We need political vision. Take the London Underground as an example. It was started by a visionary in 1863 when London had a population of just 3.5 million. The cost was £1 million,  which at today’s value would be £152 billion.

What started with steam trains is now fully electrified, is 402km long and used by 1.35 billion people annually. 

The rationale for starting the underground was “to reduce street congestion”. Imagine modern-day London without the tube. Imagine Auckland in 20 years without a proper transport fix.

Well thought-out, resilient infrastructure makes good common sense.

For example, the cost of congestion in Auckland is estimated at $1.3bn annually. It needs to be fixed and that requires considerable investment.

The current axing of the Auckland fuel levy won’t help, with mayor Wayne Brown complaining that key infrastructure projects will need to be cancelled. Either that or they will be paid for by you and me, the taxpayer.

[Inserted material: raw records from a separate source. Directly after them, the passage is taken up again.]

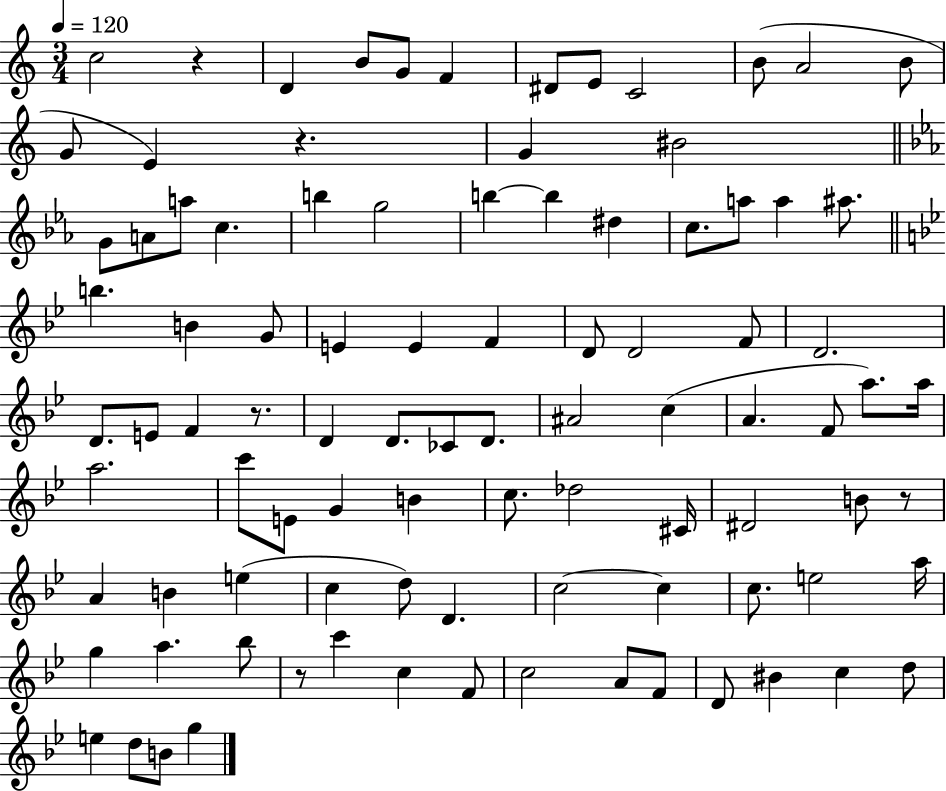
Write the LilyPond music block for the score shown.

{
  \clef treble
  \numericTimeSignature
  \time 3/4
  \key c \major
  \tempo 4 = 120
  c''2 r4 | d'4 b'8 g'8 f'4 | dis'8 e'8 c'2 | b'8( a'2 b'8 | \break g'8 e'4) r4. | g'4 bis'2 | \bar "||" \break \key c \minor g'8 a'8 a''8 c''4. | b''4 g''2 | b''4~~ b''4 dis''4 | c''8. a''8 a''4 ais''8. | \break \bar "||" \break \key bes \major b''4. b'4 g'8 | e'4 e'4 f'4 | d'8 d'2 f'8 | d'2. | \break d'8. e'8 f'4 r8. | d'4 d'8. ces'8 d'8. | ais'2 c''4( | a'4. f'8 a''8.) a''16 | \break a''2. | c'''8 e'8 g'4 b'4 | c''8. des''2 cis'16 | dis'2 b'8 r8 | \break a'4 b'4 e''4( | c''4 d''8) d'4. | c''2~~ c''4 | c''8. e''2 a''16 | \break g''4 a''4. bes''8 | r8 c'''4 c''4 f'8 | c''2 a'8 f'8 | d'8 bis'4 c''4 d''8 | \break e''4 d''8 b'8 g''4 | \bar "|."
}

The problem is that any remedy needs to be agreed to by all political parties if that is remotely possible because without that agreement we are going to be in a worse position in 10 years’ time with billions of taxpayer dollars wasted.

In addition it will be infinitely worse for us in the provinces as the political parties will chase the votes from the most populist centres and that won’t include Masterton or Ashburton.

Something needs to be done, so the government will allocate funding or borrowing along regional council lines. If that happens the rural ratepayers of Wairarapa and Horowhenua are going to be well and truly screwed to support Wellington City’s self-inflicted water woes.

Another example is Three Waters. I was strongly opposed to the original Three Waters but saw some merit in the revised 10-organisation approach.

That’s now toast, leaving a bill for the taxpayer of $1.2bn and no real answers going forward. We’re told that to fix the country’s water woes could cost up to $180bn.

So what’s going to happen now? Councils are complaining that their rates could treble and that would be lethal for rural landowners already paying excessive rates.

I’d argue that rates can’t significantly increase as it would make them unaffordable for many. We’ve already been told we’re having tax cuts and not tax increases.

That begs the question of where the money for our much-needed infrastructure will come from and the only answer I can see is to either introduce new taxes, such as capital gains, or borrow. I don’t believe we can cut enough services to provide the hundreds of billions of dollars our infrastructure desperately needs. And don’t tax the provinces to fix the incompetence of the cities.

What we desperately need is political leadership that can take us forward as a country by working across the political spectrum to develop key infrastructure that will last beyond a political cycle.

At this point we seem to be doing anything but.